__STORED DATA__

*****

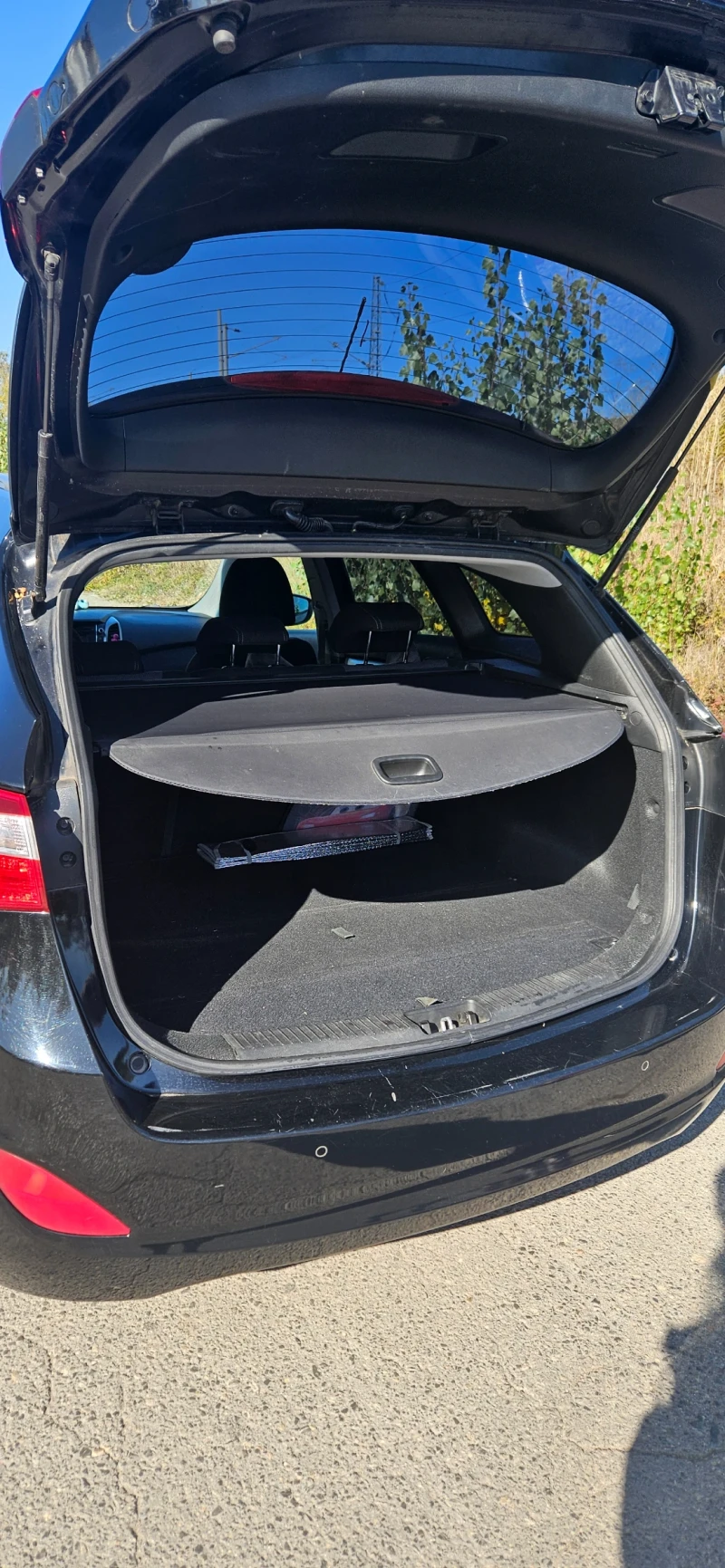 Hyundai I30 1.7 CRDI, снимка 13 - Автомобили и джипове - 52264127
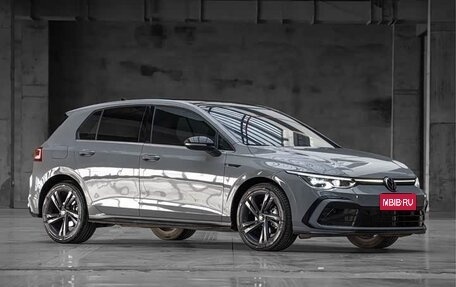 Volkswagen Golf VIII, 2023 год, 1 800 000 рублей, 1 фотография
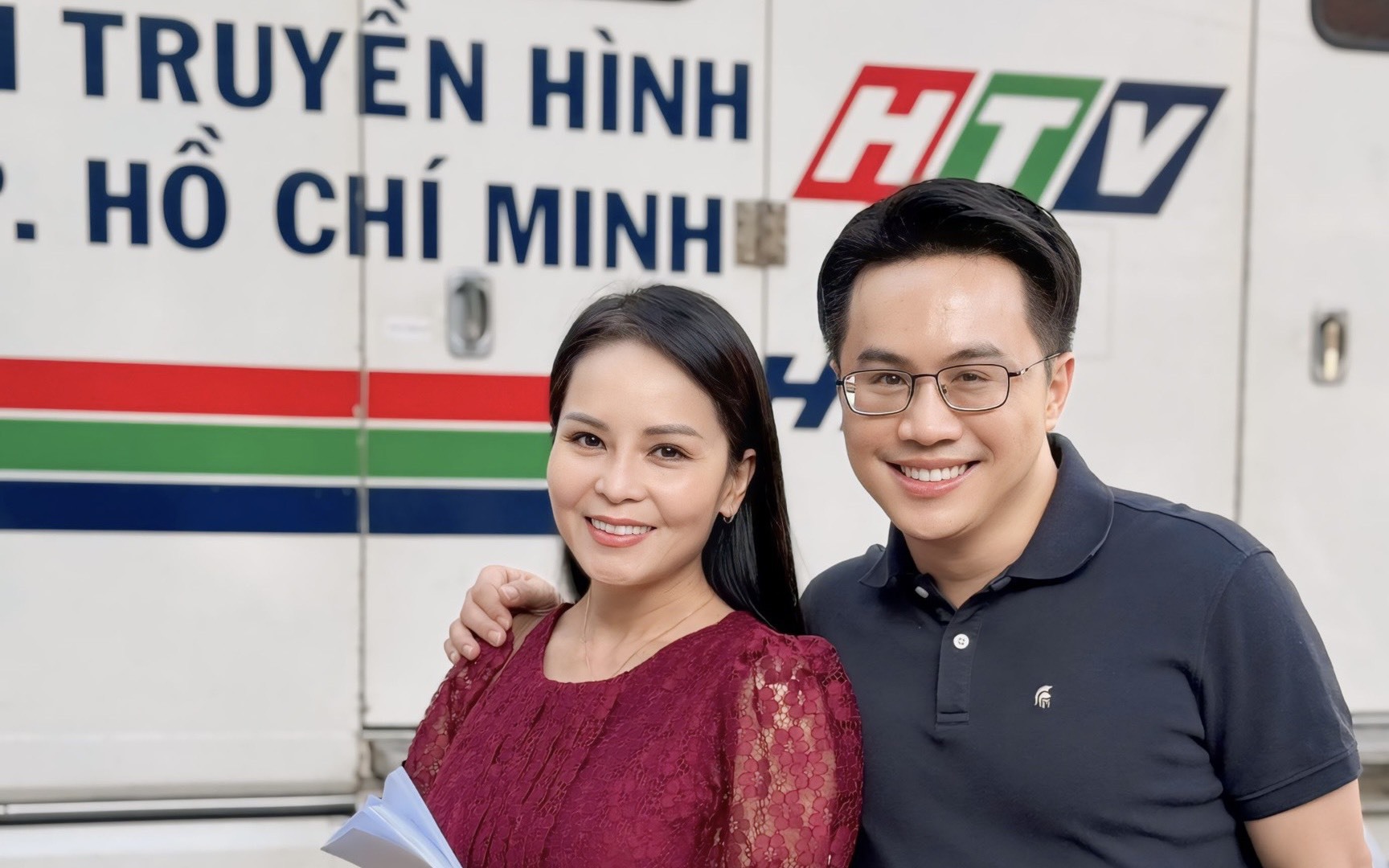 Tình cảm của đôi bạn thân 20 năm "song mic"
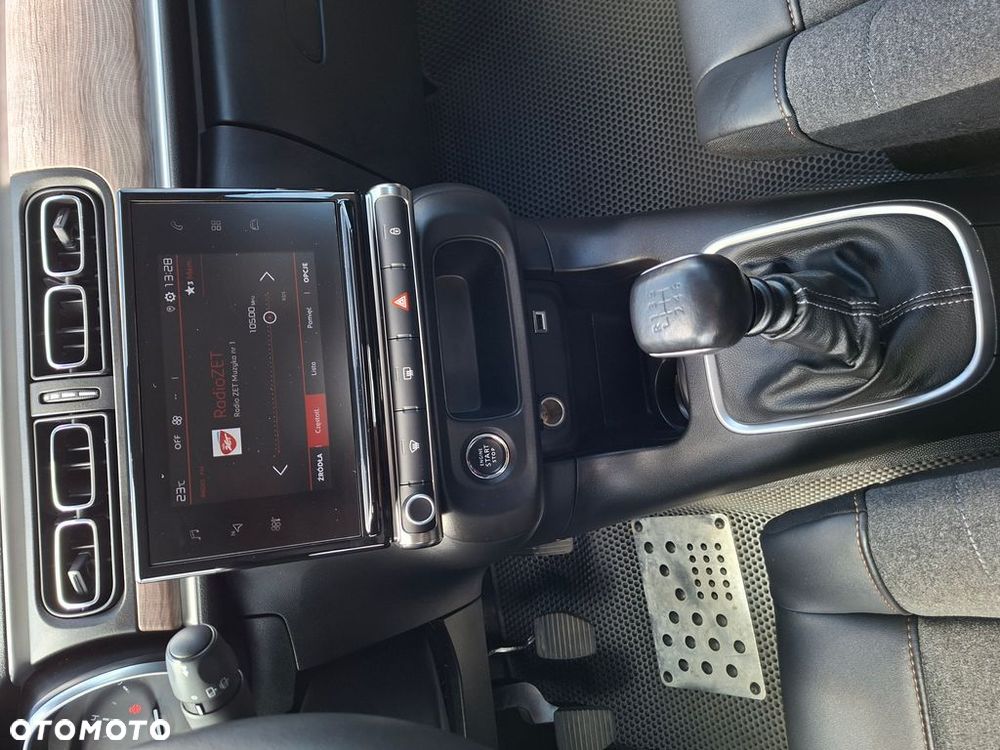Citroën C3 1.2 PureTech Shine - 28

*****

In the data above, find the line with "Tình cảm của" and repeat it and every line after it through the end, exactly; leave the pictures out.

 Tình cảm của đôi bạn thân 20 năm "song mic"
Citroën C3 1.2 PureTech Shine - 28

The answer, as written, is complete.